Task objective >> The records below are to be copied exactly, with every picture left out.

********

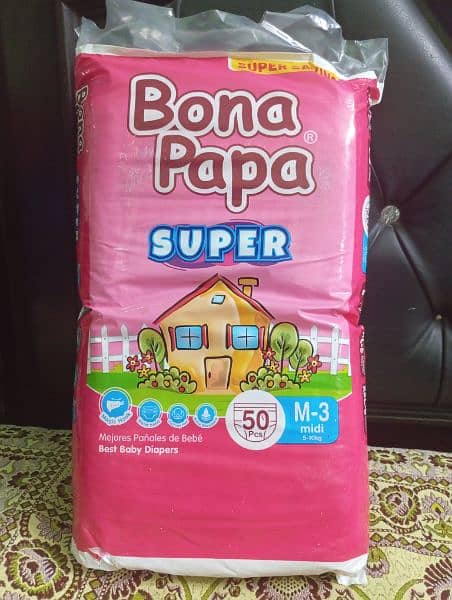 Bona Papa Baby diaper available in all sizes 1
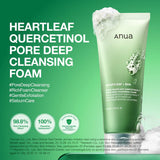 Heartleaf Quercetinol Pore Deep Cleansing Foam 150ML
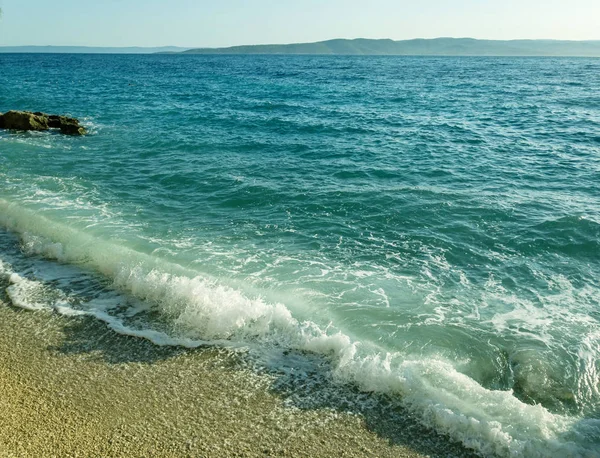 Marine Landscape Adriatic Sea Beautiful Seaside Sandy Coast Can Used — Stock Photo, Image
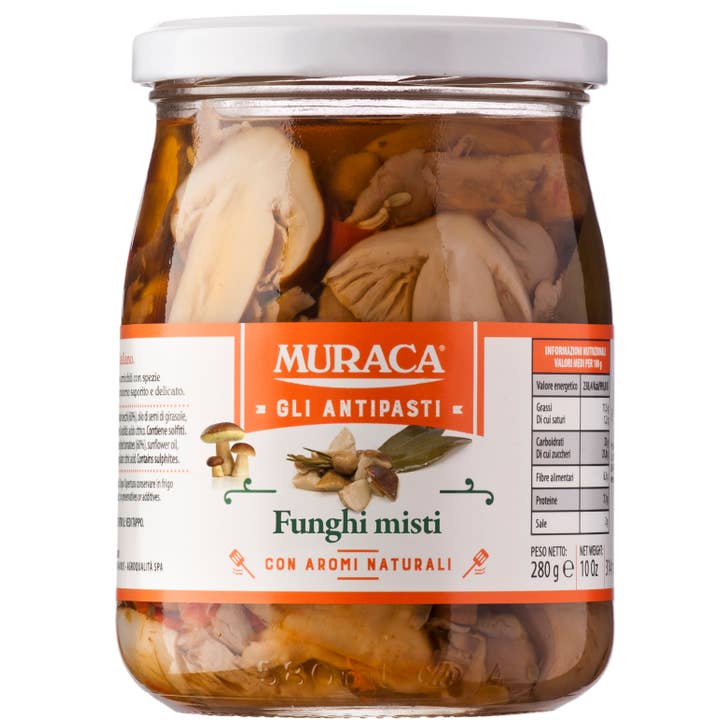 Muraca srl - Wholesale Olive Oil - Mixed Forest Mushrooms - 314g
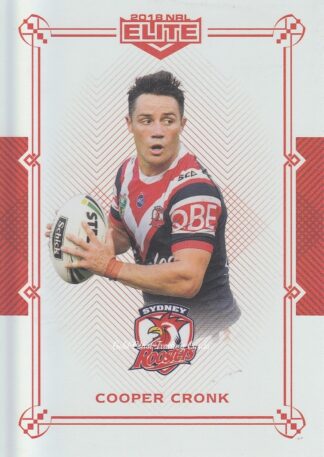 2018 NRL Elite Ruby Mojo - MR119 Cooper Cronk Sydney Roosters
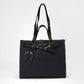 Loyal West STANDARD MEDIUM TOTE BAG IN CALFSKIN - BLACK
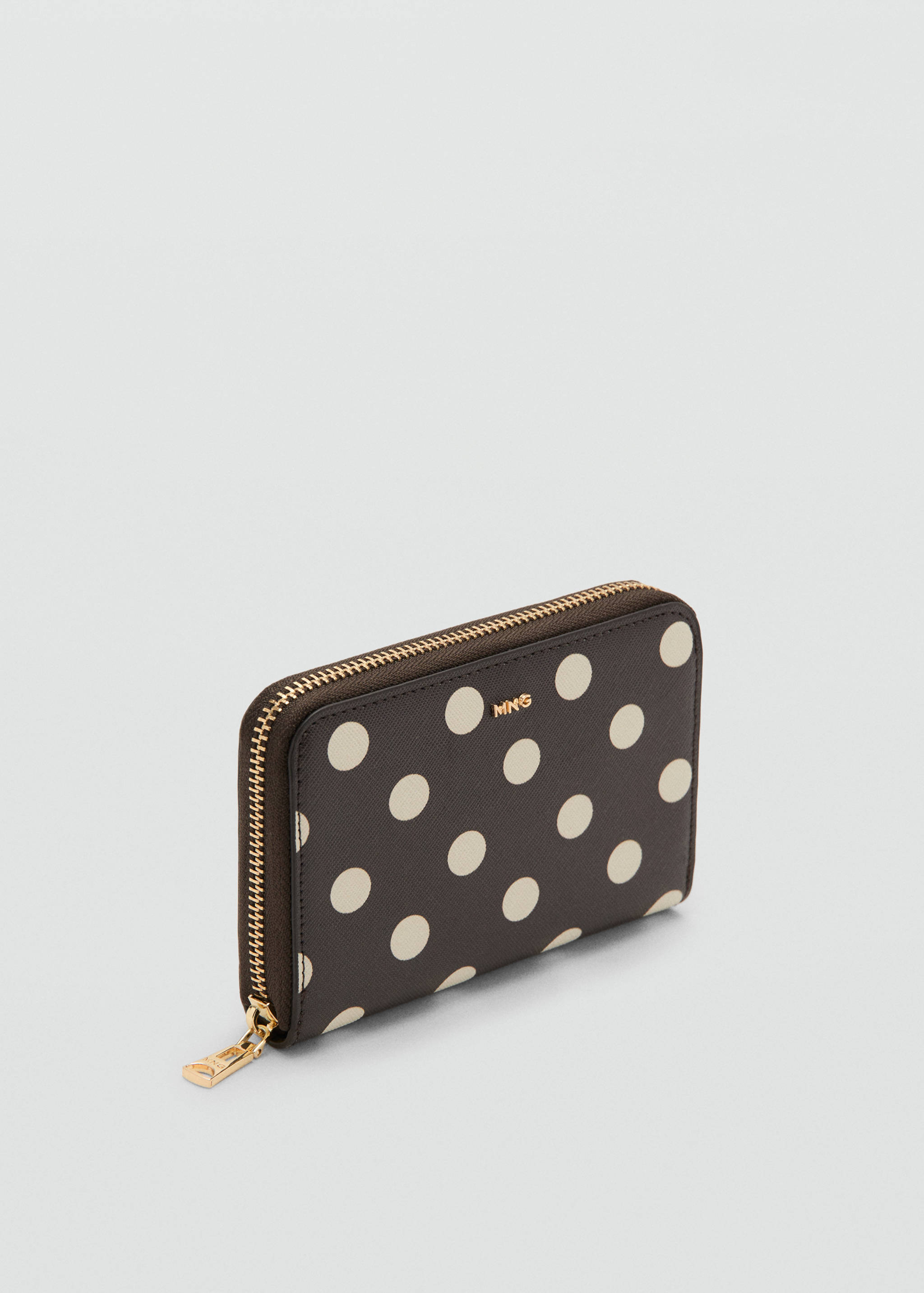 Large polka dot purse - Medium plane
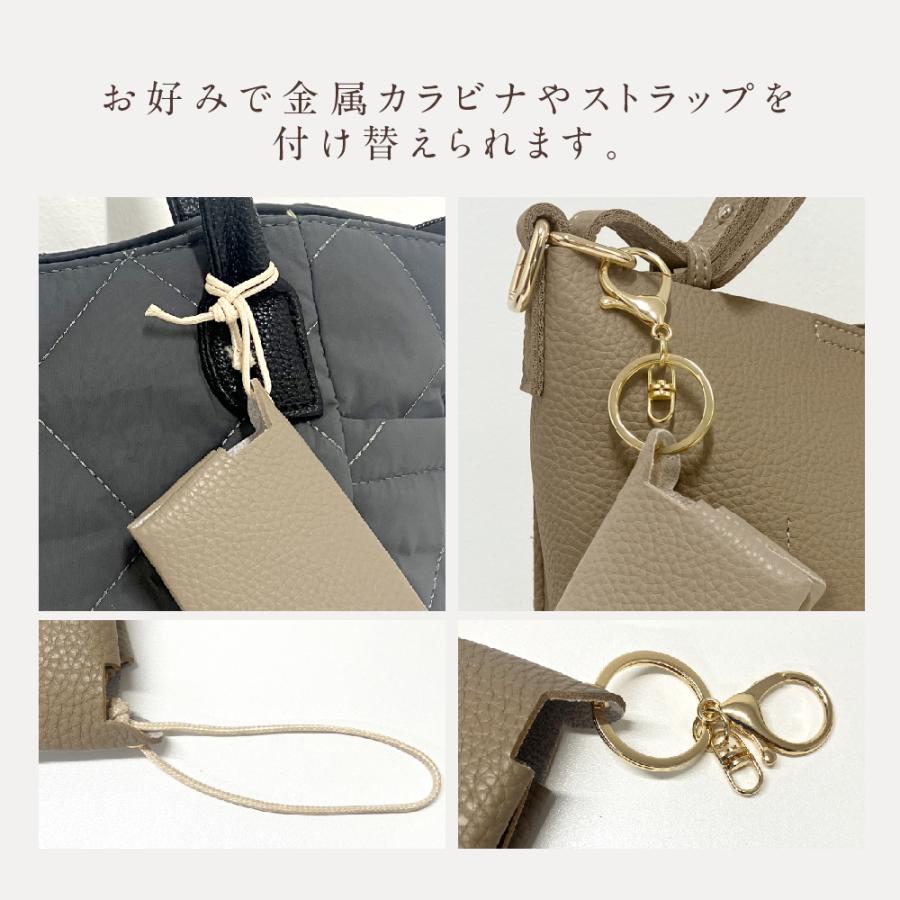 二つ折りポケットティッシュケース ティッシュカバー ポケット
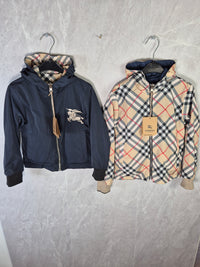 KIDS JASSEN BURBERRY DUBBELZIJDIG DONKERBLAUW (tussenjas)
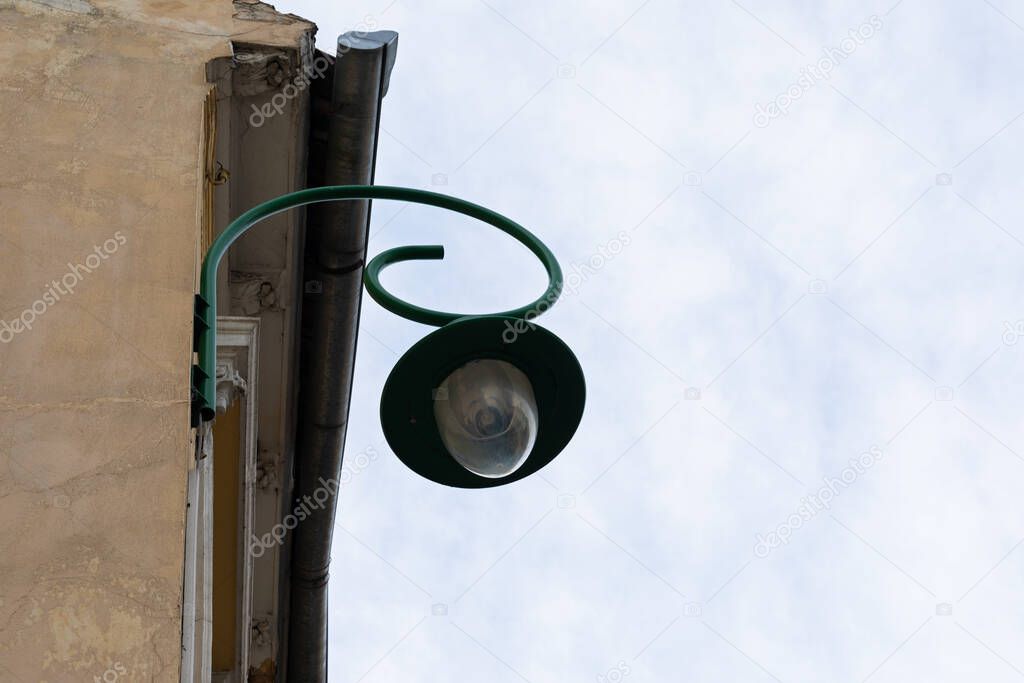Picture of energy saving street lighting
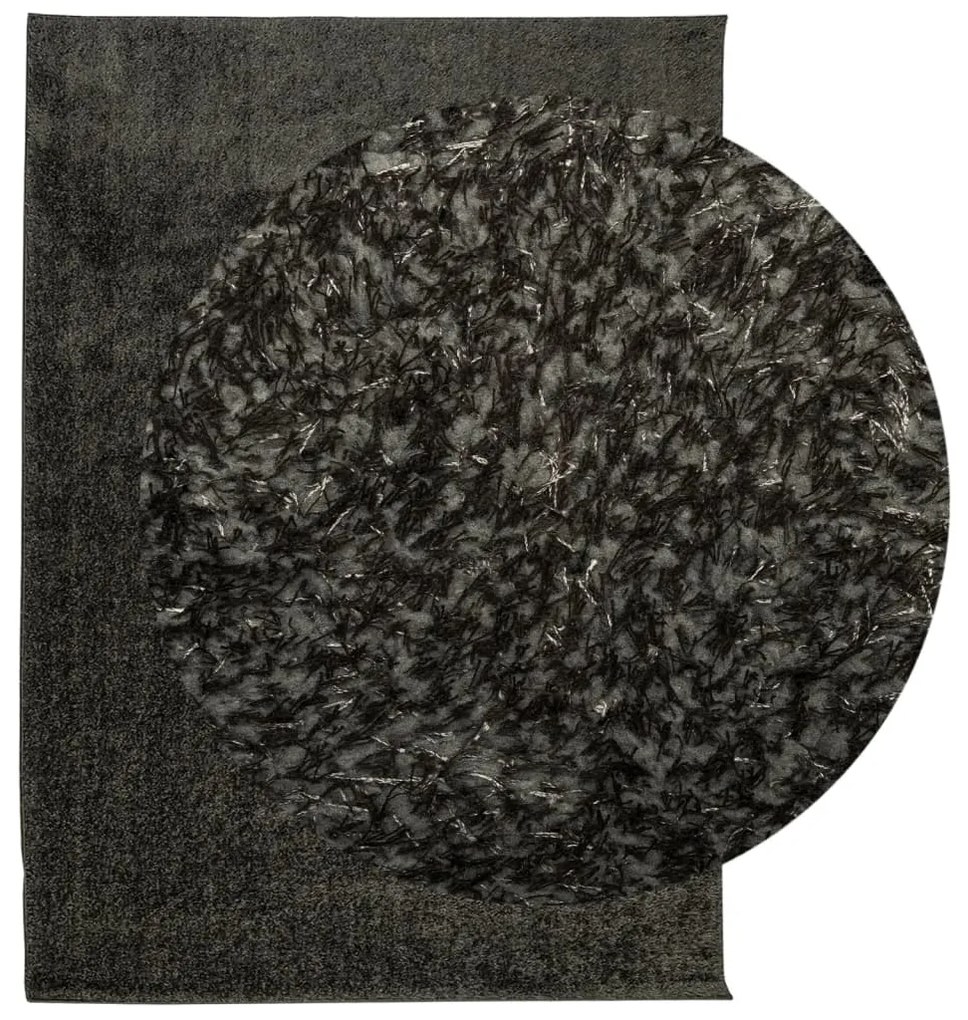 Tapete de pelo alto aspeto brilhante ISTAN 240x340cm antracite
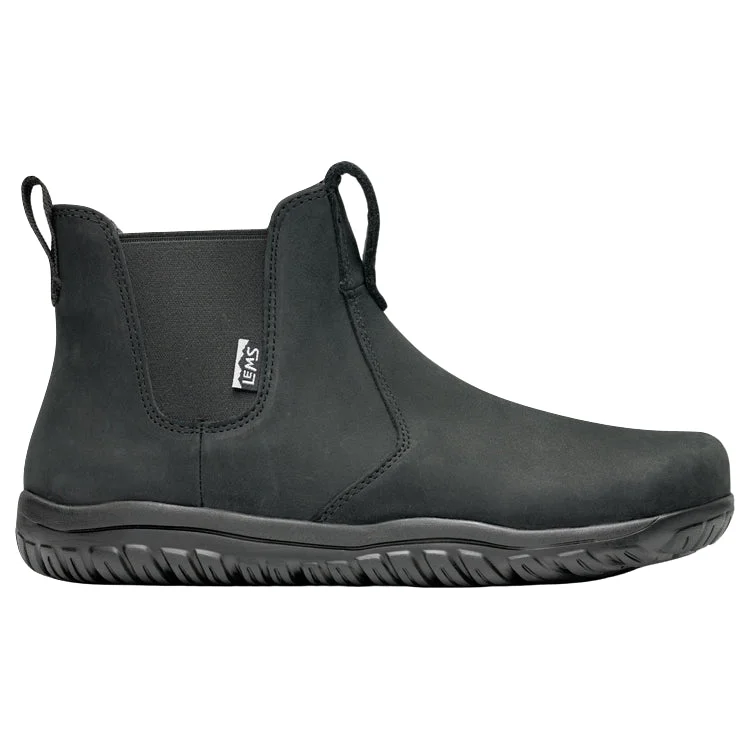 Durable snow boots for men with heavy-duty traction-Lems Chelsea Boot Waterproof Obsidian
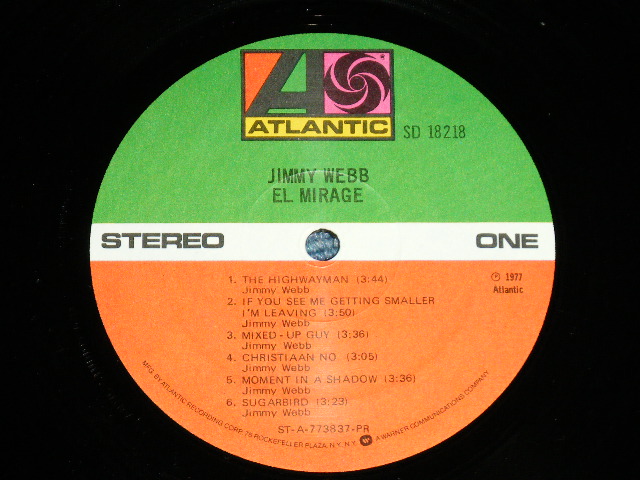 画像: JIMMY WEBB - EL MIRAGE ( MINT-/MINT) / 1977 US AMERICA ORIGINAL Used LP 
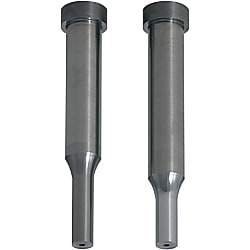 Poinçon cylindrique épaulé / tête cylindrique / déporté / perçage pneumatique / rodé / VHM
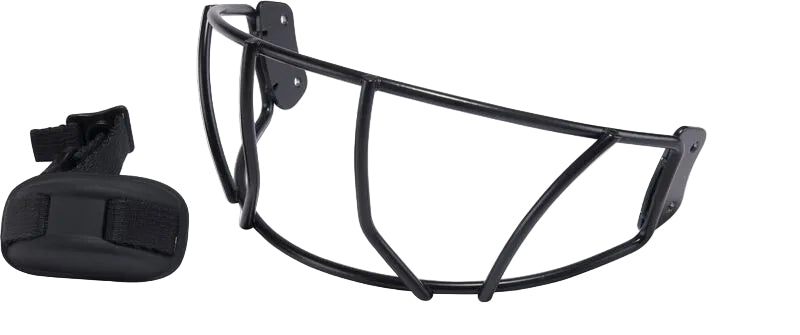 A photo of the Rawlings RX2 Batting Helmet Facemask in colour black.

********

Task answer >>
 Bona Papa Baby diaper available in all sizes 1
 Heartleaf Quercetinol Pore Deep Cleansing Foam 150ML
 Marine Landscape Adriatic Sea Beautiful Seaside Sandy Coast Can Used — Stock Photo, Image
 Muraca srl - Wholesale Olive Oil - Mixed Forest Mushrooms - 314g
 2018 NRL Elite Ruby Mojo - MR119 Cooper Cronk Sydney Roosters
 Loyal West STANDARD MEDIUM TOTE BAG IN CALFSKIN - BLACK
 Large polka dot purse - Medium plane
 二つ折りポケットティッシュケース ティッシュカバー ポケット
 KIDS JASSEN BURBERRY DUBBELZIJDIG DONKERBLAUW (tussenjas)
Picture of energy saving street lighting
 Tapete de pelo alto aspeto brilhante ISTAN 240x340cm antracite
 Durable snow boots for men with heavy-duty traction-Lems Chelsea Boot Waterproof Obsidian
 画像: JIMMY WEBB - EL MIRAGE ( MINT-/MINT) / 1977 US AMERICA ORIGINAL Used LP 
 Poinçon cylindrique épaulé / tête cylindrique / déporté / perçage pneumatique / rodé / VHM
 A photo of the Rawlings RX2 Batting Helmet Facemask in colour black.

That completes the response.